Doesn’t it make you proud to be English?*

The Immigration Bill 2015 has been published and will have a Second Reading in the House of Commons on October 13, 2015. It contains some truly remarkable provisions about housing. But first, short re-cap to remind you how we got to this stage.

The Immigration Act 2014 introduced the concept of the “right to rent”. In short, if you don’t have a right to rent (very broadly, if you’re not lawfully present in the UK), then you’re disqualified from renting most residential accommodation. The penalty, however, fell on the landlord or agent, who was liable for a civil penalty (a fine, with a right of appeal).

Given that many landlords can’t even get the tenancy deposit provisions right, the prospect of requiring them to identify Zambrano carers and other immigration issues was, frankly, ludicrous. So the government announced that the 2014 Act would be introduced on a trial basis in a few local authority areas.

Following the general election, the government returned to this topic. The Prime Minister made a speech indicating that he wanted to make it easier to evict persons unlawfully present in the UK and then we got more detail in the Queen’s Speech and in a subsequent CLG/Home Office announcement. Whilst this was going on, independent research into the 2014 Act trial areas revealed that the obvious discriminatory risks inherent in the legislation had indeed come to pass.

Which brings us back to the 2015 Bill. It amends the Immigration Act 2014 in two ways.

First, new criminal offences are created (cl.12, introducing new ss.33A-C, 2014 Act). A landlord commits an offence if (i) his property is “occupied by an adult who is disqualified as a result of their immigration status from occupying premises under a residential tenancy agreement” (i.e. an adult without a 2014 Act “right to rent”); and, (ii) the landlord knows or had reasonable cause to believe that this is so (new s.33A(1)-(3)). It appears that can be committed either through own knowledge/belief or because the Secretary of State has served a notice on the landlord, informing him that the property is so occupied (s.33(5)). It is also possible to commit this offence where a limited right to rent has expired (s.33A(7)). Similar provisions exist for agents (s.33B).

The penalty is up to five years imprisonment (on indictment, 12 months on summary conviction) and/or a fine (s.33C). Now, I accept that five years is likely to be reserved for repeat offenders, but still, WTAF?!

Secondly, we have some major reforms to the law on eviction. Clause 13 introduces new s.33D, 2014 Act. It works like this. If the Secretary of State becomes aware that a person without a right to rent occupies the property, he serves a notice on the landlord (s.33D(2)).

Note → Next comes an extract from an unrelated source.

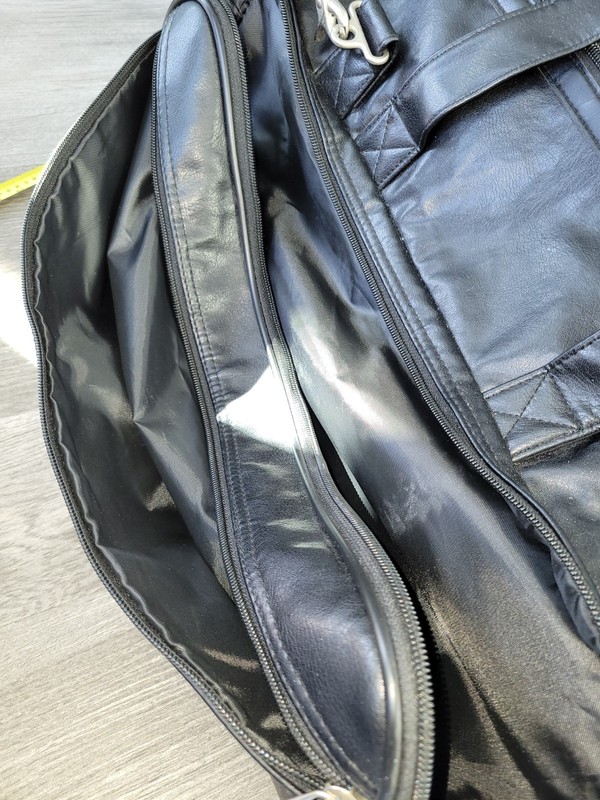 Black Leather (Synthetic) Roller Carry On Bag With Shoulder Strap gallery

The landlord can then serve a notice on the tenant, giving 28 days notice (s.33D(3)-(4)), bringing the tenancy to an end. That notice is enforceable as if it were an order of the High Court (s.33D(6)). The service of the notice by the Secretary of State has the effect of turning the tenancy into an excluded tenancy (s.3A, Protection from Eviction Act 1977).

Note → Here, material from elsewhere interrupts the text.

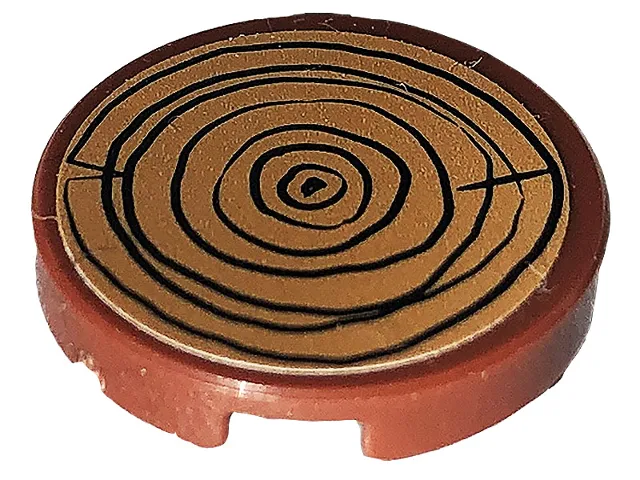 Tile, Round 2 x 2 with Bottom Stud Holder with Tree Stump / Wood Grain on Medium Nougat Background Pattern (Sticker) - Set 41703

For assured and Rent Act tenants mandatory grounds for possession are also introduced (s.33E).

Comment

There are many, many things to say about this and I suspect my fellow NL authors will want to add to this list in the comments, but, for starters:

I’m not entirely clear if the “notice enforceable as if a High Court order” is intended to only apply to lettings which are not governed by the HA 1988 or Rent Act. If they are, what is the point of the new mandatory grounds? Why would you ever use the mandatory ground? Surely it’s pretty dangerous to use the “notice enforceable as High Court order” route since, as drafted, the Bill doesn’t provide any defence if you turn out to have erroneously evicted someone.

What happens if rent is paid in advance and the tenancy is terminated, where are the rent repayment provisions (cf the Deregulation Act 2015 position)?

What happens if the Secretary of State serves an erroneous notice? How does the landlord or occupier challenge that? Is it by judicial review and, if so, how is the tenant suppose to know when the landlord has been served? Or can you simply seek an injunction to prevent enforcement because a jurisdictional (or precedent) fact is not made out?

How many people are unlawfully present in the UK and are Rent Act tenants? Surely anyone in that position would have an exceptionally strong case to be allowed to remain in the UK given that it’d mean they’d been here since at least 1989.

 

 

 

 

 

*and it is English, this hateful bilge doesn’t extend to Wales, Scotland or NI yet, see cl.15.